• [TASK]
Start with the line that holds "OCHEAL Nail Polish". Please copy it and each remaining line below exactly, leaving pictures out.

============

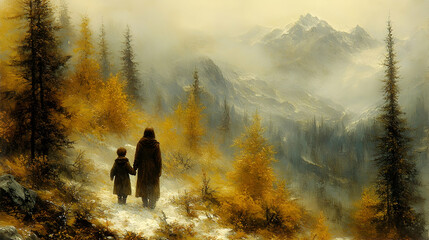 Misty mountain path, figures walk, autumn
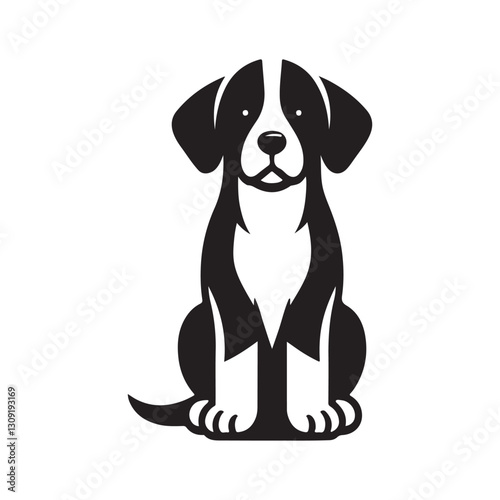 A cute brown cartoon dog sitting happily in a fun and playful illustration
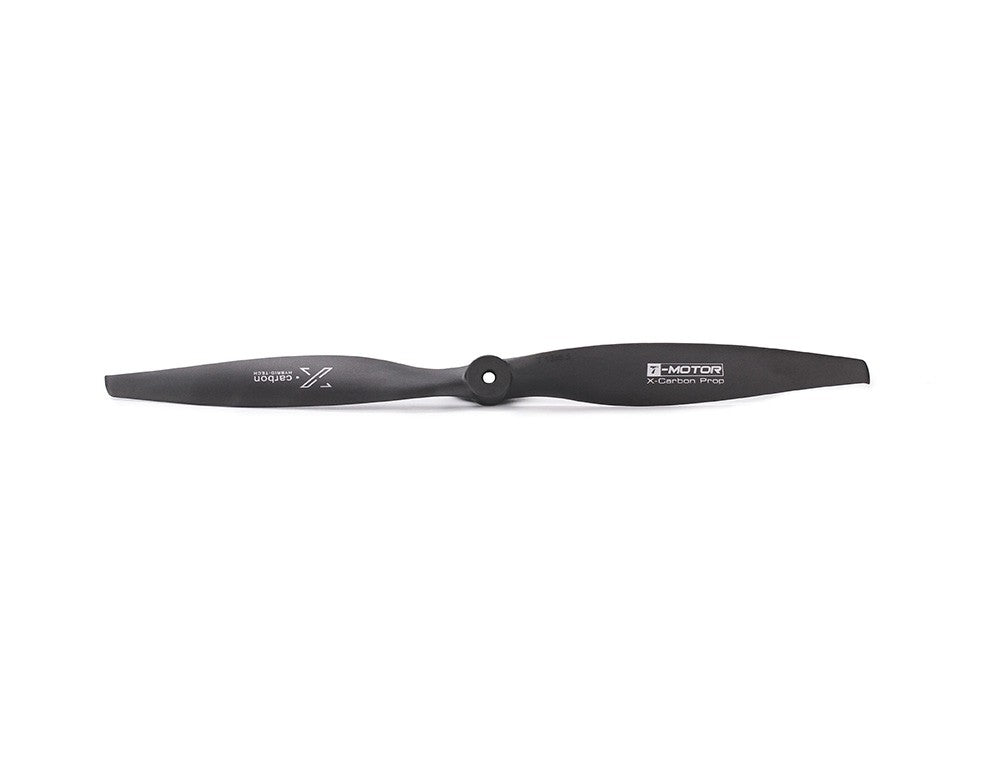 T-Motor T12*6 Black CW Fixed-Wing Propeller, T-Motor T12x6 black CW fixed-wing two-blade propeller with center mounting hole and T-Motor X-Carbon branding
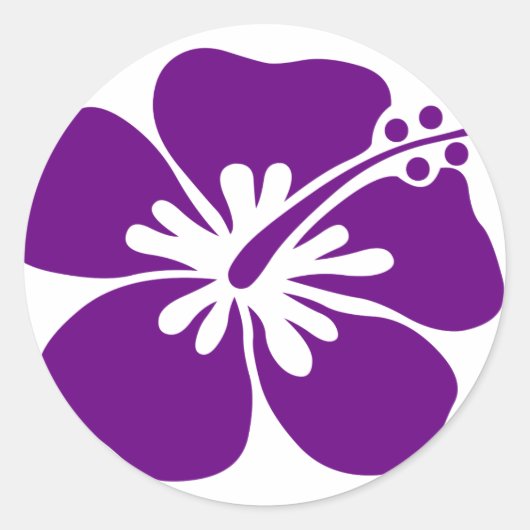 paarse hibiscus aloha bloem ronde sticker (Voorkant)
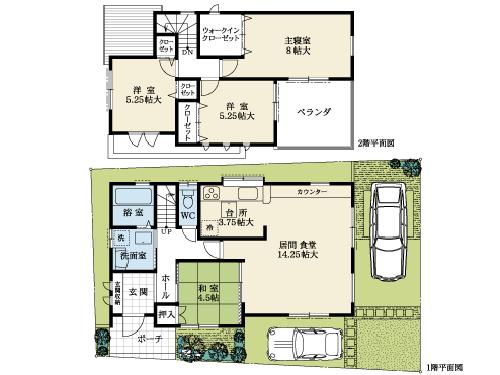 Floor plan. Full flat kitchen and a living full of refreshing openness ・ Directing the dining and relaxed space together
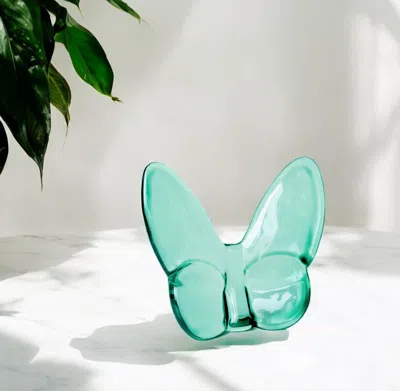 Hivvago 3" Mint Green Crystal Butterfly Figurine Tabletop Sculpture In Blue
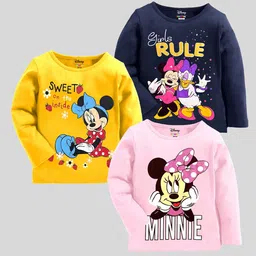 KUCHIPOO Girls Pack of 3 Mickey Mouse Printed T-shirt-picture-29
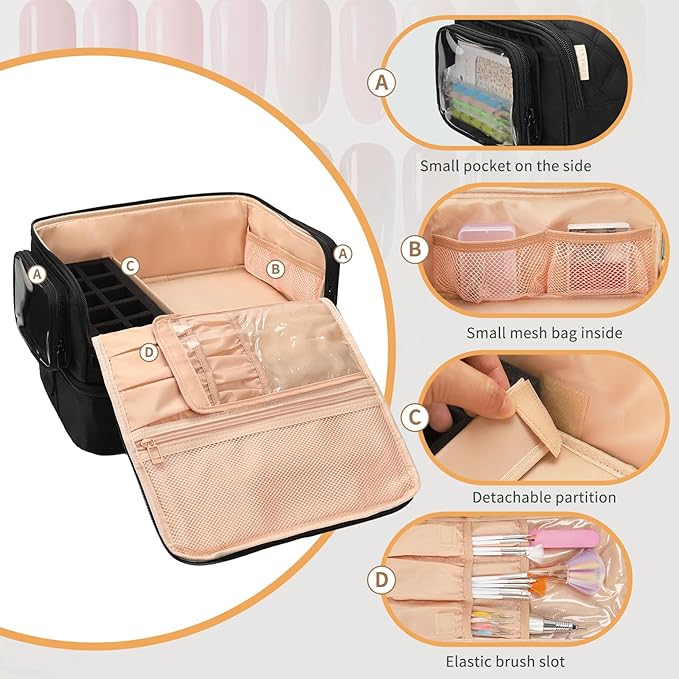 OCHEAL Nail Polish Organizer, Holds Nail Lamp and 45+ Bottles 2-in-1 Nail Polish Storage Case,Detachable Nail Techs Gel Kit Supplies Carring Bag for Manicurist Tools 45-Slot Nail Holder-Black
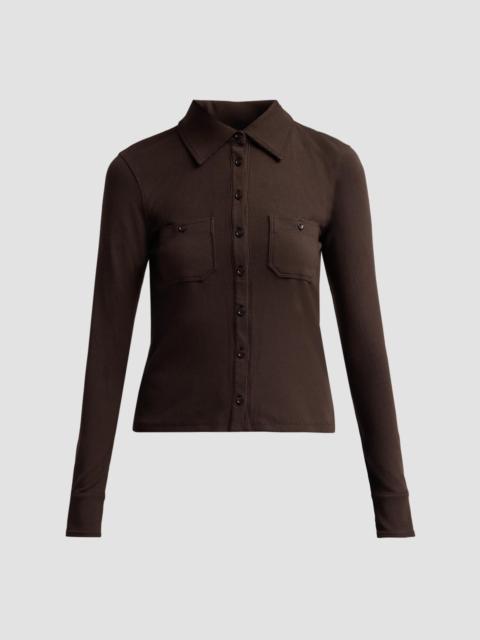 FRAME Women's The Pocket Rib-Knit Polo Shirt - Chestnut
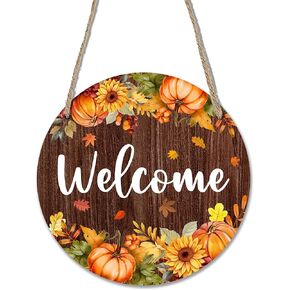Fall Wooden Sign for Front Door - Maple Leaf Pumpkin - 10" House Welcome Sign, Round Wood Hanging Sign for House Decor Home Decor, Gifts & Accessories - A05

============

• [PROBLEM SOLUTION]
 OCHEAL Nail Polish Organizer, Holds Nail Lamp and 45+ Bottles 2-in-1 Nail Polish Storage Case,Detachable Nail Techs Gel Kit Supplies Carring Bag for Manicurist Tools 45-Slot Nail Holder-Black
 FRAME Women's The Pocket Rib-Knit Polo Shirt - Chestnut
Fall Wooden Sign for Front Door - Maple Leaf Pumpkin - 10" House Welcome Sign, Round Wood Hanging Sign for House Decor Home Decor, Gifts & Accessories - A05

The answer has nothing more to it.